Single by the Corrs

from the album In Blue
- B-side: "All in a Day" (live)
- Released: 11 June 2001
- Genre: Pop; soft rock;
- Length: 4:22 (album version); 3:55 ("Mutt" Lange remix);
- Label: 143; Atlantic; Lava;
- Songwriters: Robert John "Mutt" Lange; Andrea Corr; Caroline Corr; Jim Corr; Sharon Corr;
- Producer: Robert John "Mutt" Lange

The Corrs singles chronology
| "Give Me a Reason" (2001) | "All the Love in the World" (2001) | "Would You Be Happier?" (2001) |

= All the Love in the World (The Corrs song) =

2001 song by the Corrs

"All the Love in the World" is a song by Irish pop rock group the Corrs, taken from their third studio album In Blue (2000). It was released on 11 June 2001 as a promotional single to the 2001 romantic comedy film America's Sweethearts. The song was written by the Corrs and co-written and produced by Robert John "Mutt" Lange. A soft rock ballad, "All the Love in the World" divided music critics; some picked it as one of the best tracks on the album, but others felt it was banal and weak.

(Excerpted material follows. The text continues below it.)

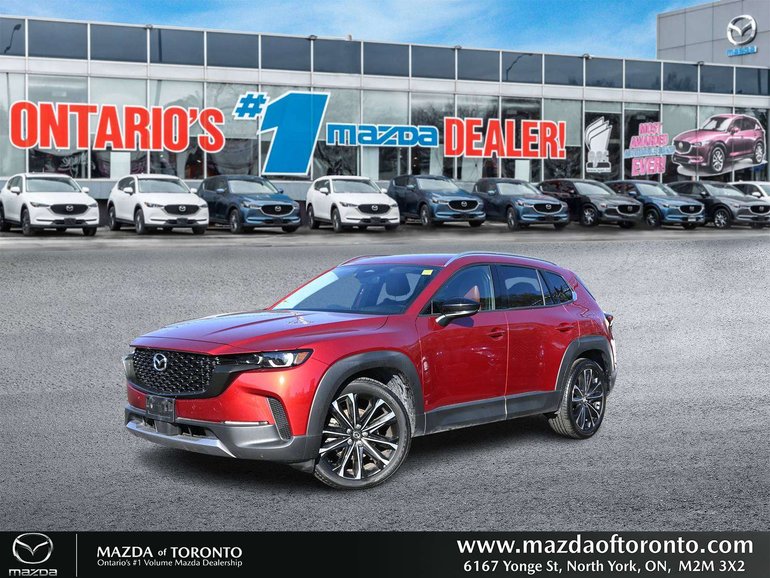2025 Mazda CX-50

==Background and release==
"All the Love in the World" was originally included on the Corrs third studio album In Blue (2000). The song was later included on the soundtrack of the 2001 romantic comedy film America's Sweethearts, starring Julia Roberts, Catherine Zeta-Jones and John Cusack. It was released as a promotional single to the film, with a remix version being available in its soundtrack and in a promotional single (which includes the album version, as well), and with a music video with scenes of the film being released to further promote it.

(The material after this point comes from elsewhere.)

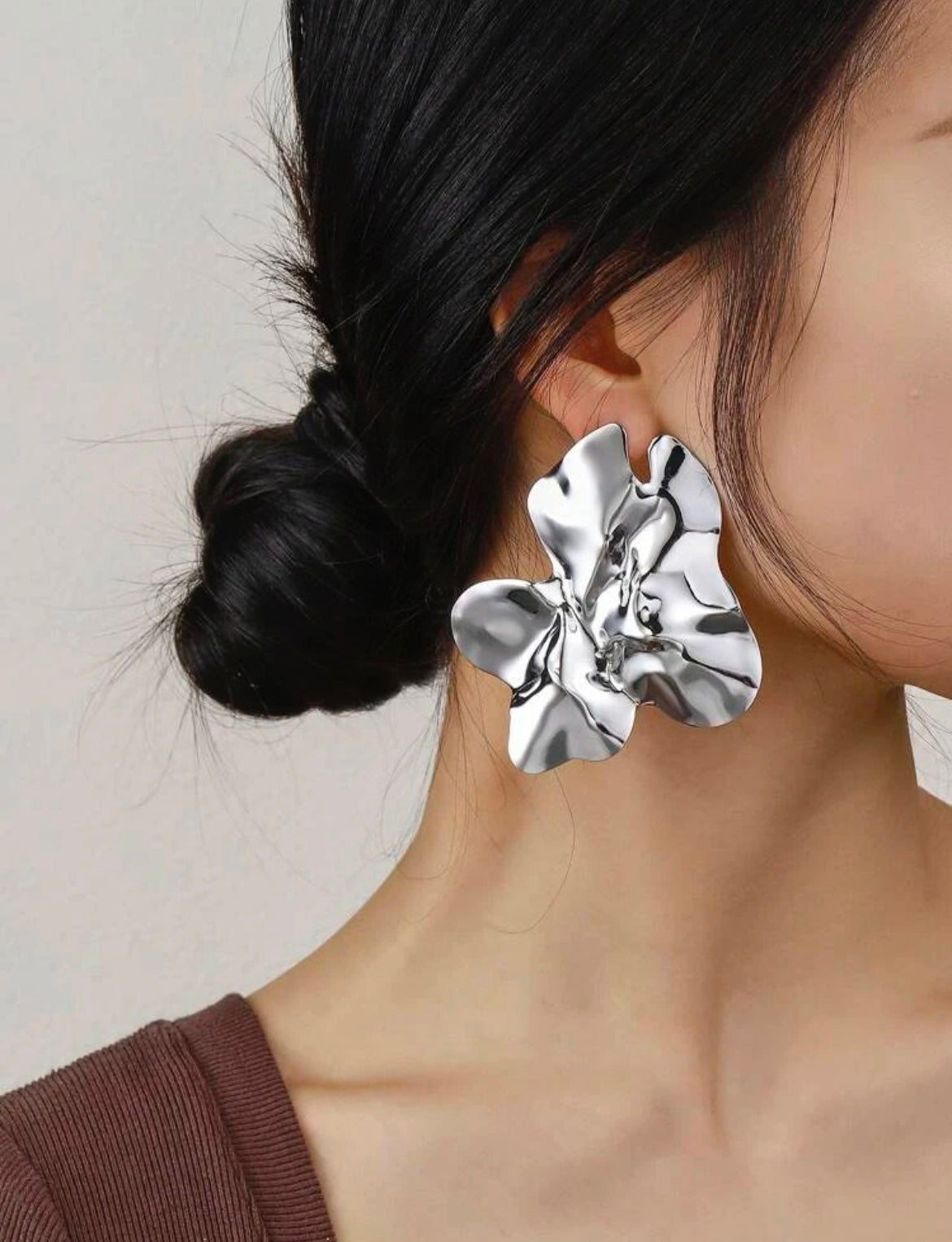 “Keauna” Gold Earrings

"All the Love in the World" was written by the Corrs (Andrea, Caroline, Sharon and Jim), while Robert John "Mutt" Lange co-wrote and produced the song. The pop ballad talks about desiring lifelong love. The remix version was included on their compilation album, "Best of The Corrs" (2001).

==Reception==
===Critical response===
The song received mixed reviews from music critics. Steven McDonald of AllMusic picked the song as one of the best tracks on In Blue and the America's Sweethearts soundtrack. For Lydia Vanderloo of Barnes & Noble, "Songs such as the soft-rock ballad 'All the Love in the World' use the subtle, graceful strains of these lovely instruments without throwing their finely calibrated pop songs out of whack." Kevin Oliver of PopMatters commented, "Lange's heavy hand is evident in Spice Girls-lite balladry like, 'All the Love in the World'."

David Browne of Entertainment Weekly was negative, calling the song "banal," comparing the song to "adult contemporary radio fodder that feels very 1991," citing that the song "is awaiting Celine Dion's return." Jane Stevenson of Jam! considered "All the Love in the World" "one of the album's weaker songs."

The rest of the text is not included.